The little train, its three carriages full of French and Americans, pulled slowly out of the station in the town of St-Etienne in southern France and began the long climb up into the hills. In the front of the first carriage sat Michael Delaney and his party, on the last leg of their journey towards the starting point of their pilgrimage, Le Puy-en-Velay in the Auvergne. Alex Bentley was very excited, peering out of the window at the rivers and forests they were travelling past. This, for him, was the culmination of months of planning, finding as many Delaneys as he could in Ireland, England and the United States, trying to establish that these were genuine Delaneys, not some freebooters come to scrounge a holiday in Europe at his employer’s expense, inviting them, if suitable, to join the pilgrimage. Now he was coming to see the fruits of his labour.

One grave doubt about his own position was gnawing away all the time in a corner of his mind. He couldn’t understand much of the spoken French. He could read the newspapers. He could understand the great advertisements plastered along the sides of the boulevards. But when they spoke to him, these living Frenchmen, he grasped very little. If he was honest with himself, he knew he could latch on to the occasional word or phrase but complete sentences eluded him. They sped past him like an express train, a torrent he could not, for the moment, comprehend. They could have been speaking Hottentot to him, or Ancient Greek. Alex Bentley’s grandmother, who had taught him French, had died when he was only six years old. His mother had always spoken to him in English. The knowledge seemed to have vanished from his mind, as if a conjuror had spirited it away. For most of his expensive education in French literature and culture he had been concerned with the words of dead Frenchmen. Alex Bentley could remember huge chunks of Baudelaire and Rimbaud. He could read Flaubert and Stendhal, Balzac or Zola as easily as he read the baseball scores. He could have written leaders about the Dreyfus Case for Le Monde or elegant diplomatic memoranda for the French Foreign Office in the Quai d’Orsay. But at one of the greatest universities in America he had spoken no French at all. He had written his essays in English. His lectures were in English. The professors spoke to him about French literature and its glories in English. But when the taxi drivers or the hotel porters of Paris spoke to him in French, he could only guess at what they were saying. He wondered if he should tell Michael Delaney.

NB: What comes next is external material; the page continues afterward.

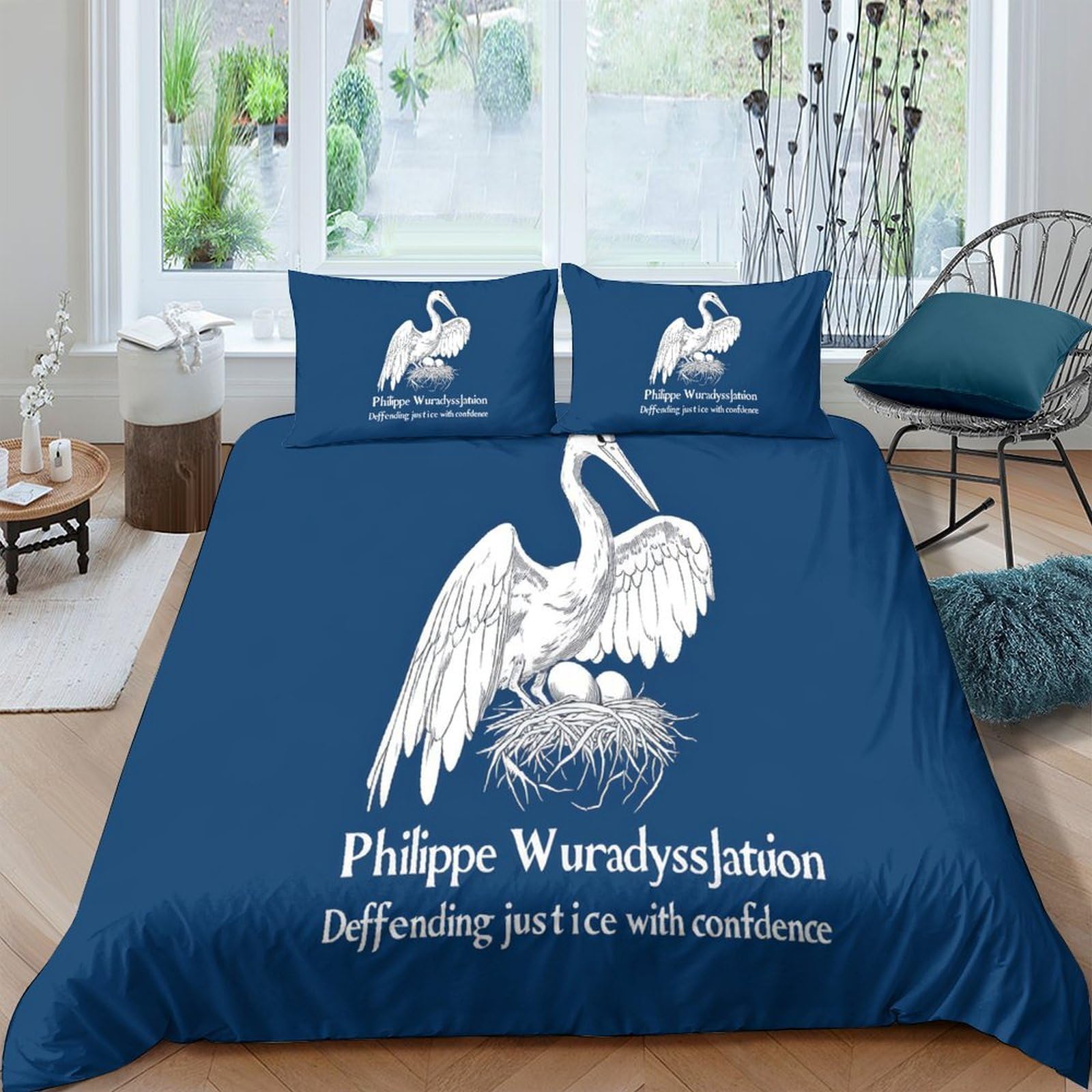 TUFRTGYHN 3D Printed White Crane Duvet Cover Microfiber Soft Breathable Blue Bedding Set with 2 Pillowcases for Bedroom Decor Single（135x200cm）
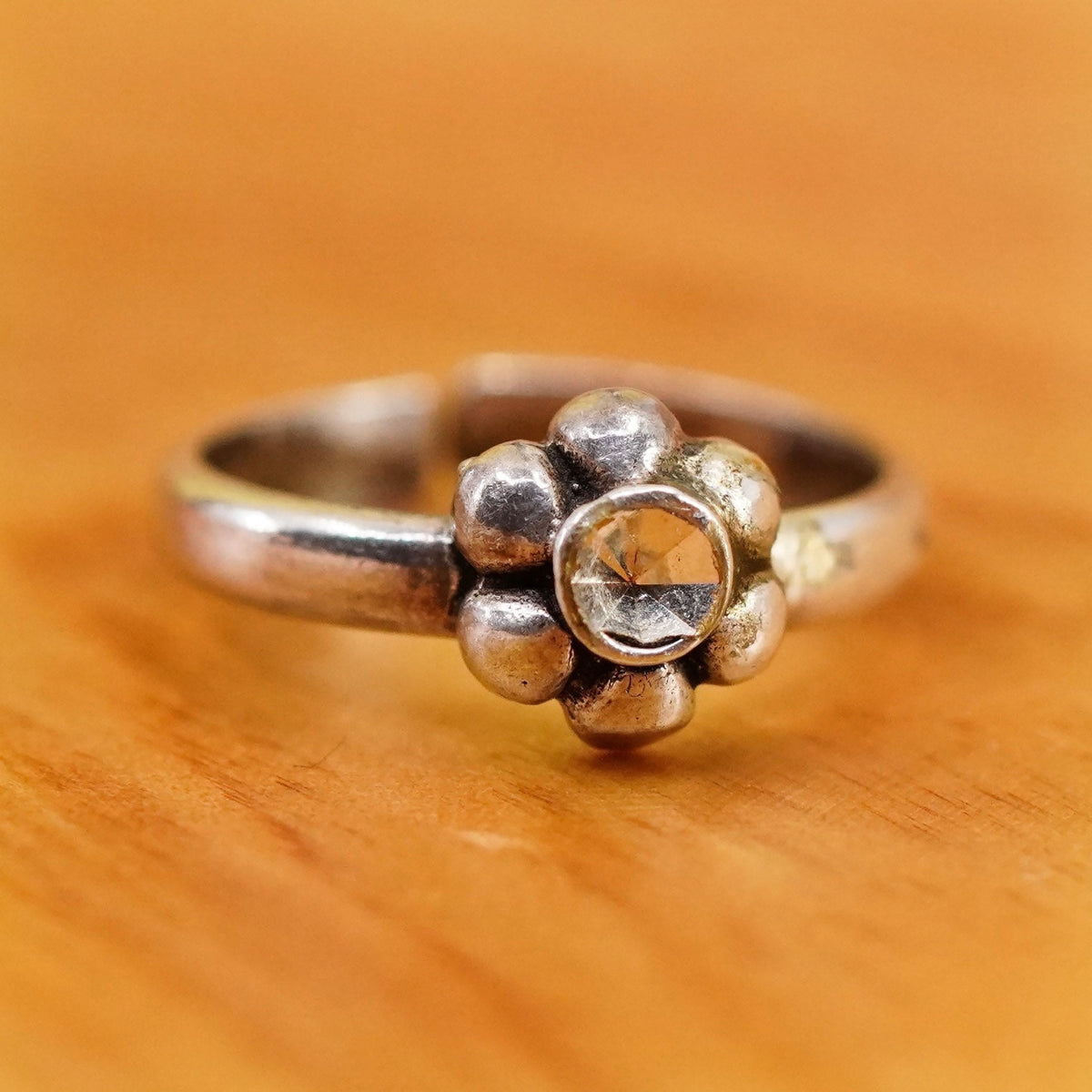 Size 2, vintage Sterling silver handmade pinky ring, 925 flower band, open end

Father Kennedy had endured an unhappy crossing of the Atlantic. Even though the great liner they sailed on from New York to Le Havre did not give them a particularly rough passage, the Father was seasick all the way. At first he consoled himself with the thought that it would pass, that after a day or so the illness would abate, and that he would be able to walk the decks like the other passengers and gaze at the vast mystery of the ocean. He dimly remembered reading a book about Nelson which reported that the great Admiral himself suffered from mal de mer , as the French doctor on board called it, for the first few days as he sailed off from Portsmouth or Plymouth to wage war in Egypt or the West Indies. But then, for Nelson, it passed. For Father Kennedy, it did not pass. He had consulted his small travelling library of religious books but could not find what he sought. There appeared to be no patron saint of seasickness to whom he should address his prayers. The liner’s library did not help either. It contained no religious volumes at all. So he spent virtually the entire crossing lying on his bunk, trying not to move.

There were five other Americans in the party. One, Michael Delaney’s cousin Maggie, had been a last-minute entry. She was single, in her early sixties, with thinning hair that was nearly white and a semi-permanent frown on her face. She told everyone who had ever asked that she was married to Mother Church and that being a Bride of Christ was far far better than being joined to some man who might neglect you most of your life and occasionally perform acts of unmentionable violence upon your person. Michael Delaney couldn’t stand the woman. He had sworn violently when Alex Bentley told him that she too wished to come under starter’s orders for the pilgrimage. Bentley found it easier to communicate with his employer using sporting analogies. It had taken all Father Kennedy’s diplomatic skills to persuade Michael Delaney to take her along. And, for once, the Father misjudged his example from the Gospels.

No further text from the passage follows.